Estimating benefits requires the application of a decision tree process that includes consideration of the three key components of government energy R&D program evaluation and clarifies the relationships among them. Figure F-2 illustrates the possible relationships among these three key components using a decision tree, where the first node (the decision node) represents the government action—to pursue the program or not; the second node (first chance node) is the possible outcome of the program; and the third node (second chance node) represents the multiple factors that determine market acceptance, including developments in the next-best technology and the success of enabling and complementary technology programs.
The decision tree provides a framework for organizing the benefits calculation. The expert panel must specify probabilities for the various uncertainties in the tree. Because the probabilities need not be the same in each global scenario, the expected benefit could differ in each scenario. Then, as discussed in the preceding section, the value of the government program is the difference between the expected benefit of the with-government-support alternative and that of the without-government-support alternative.
Figure F-3 illustrates the decision tree applied to the advanced lighting program, with numerical values included. These numerical values are provided only to show the general structure of such a decision tree and to illustrate the calculations that would be used.
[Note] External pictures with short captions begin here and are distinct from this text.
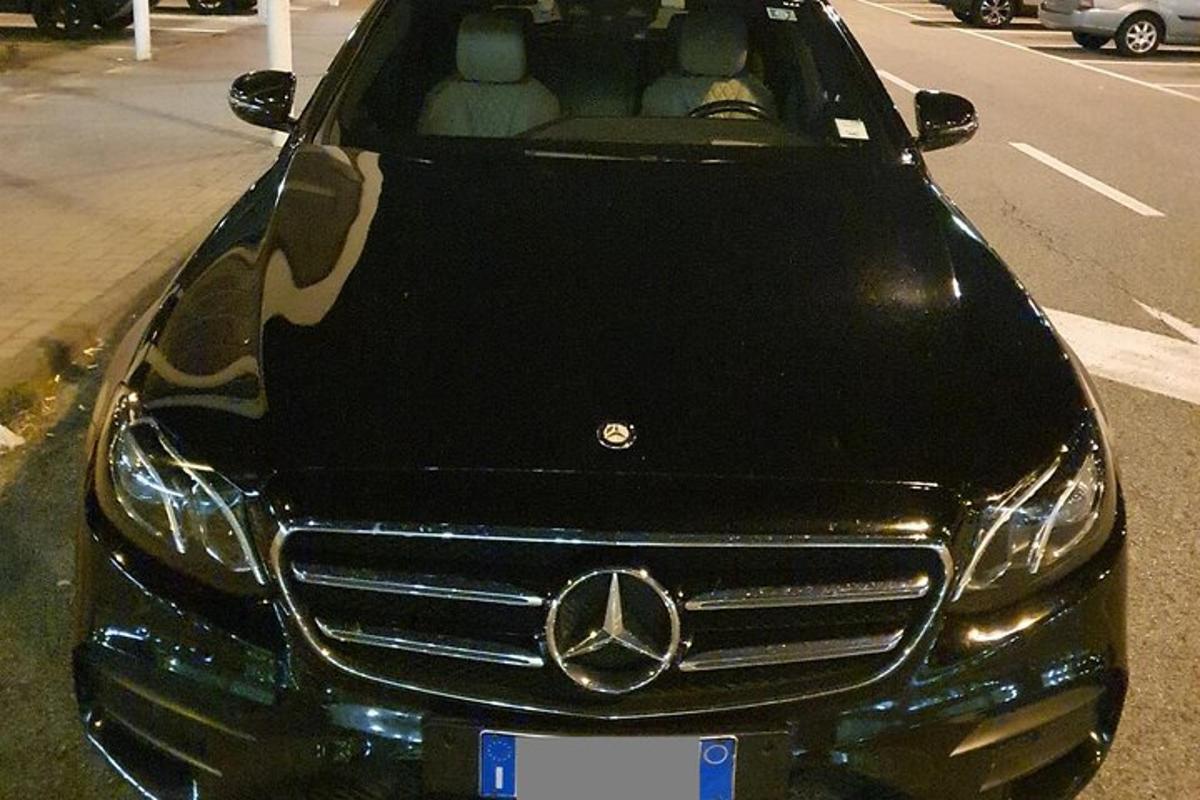 un'auto Mercedes Benz parcheggiata su una strada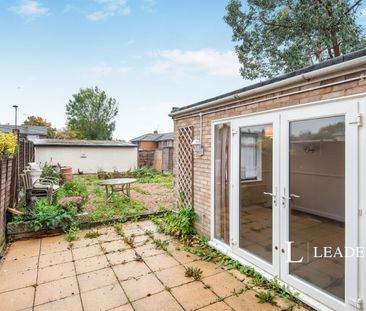 3 bedroom semi-detached to rent Scott Road, Stevenage, SG2 0BZ - Photo 2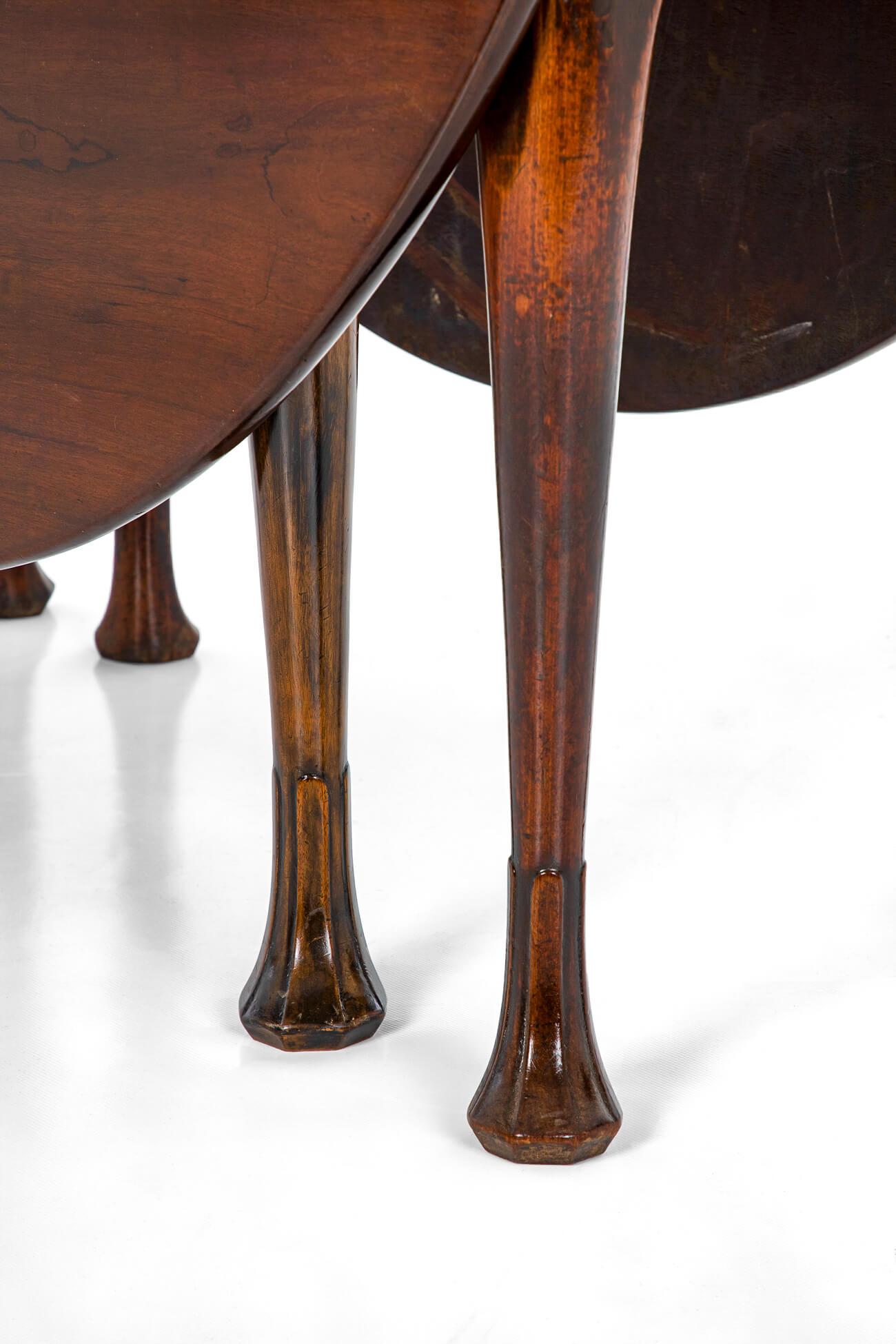 George III Cuban Mahogany Gate Leg Dining Table, circa 1760 5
In this decision tree, the government has one basic decision, to invest in the R&D program or not to invest. In either case, three possible levels of lighting efficacy could be achieved by U.S. industry: 150 lumens per watt (lpw), 100 lpw, or no change from the current situation. If DOE invests, then the probability of the greatest advance, 150 lpw, would be increased to 10 percent (from 0 percent in the absence of DOE research); the probability of the medium advance, 100 lpw, would be increased to 50 percent (from 30 percent in the absence of DOE research); and the probability that there would be no advance would be decreased to 40 percent (from 70 percent in the absence of DOE research). Note that these probability assessments do not show that DOE investment will guarantee success—they show that DOE investment increases the probability of successful outcomes.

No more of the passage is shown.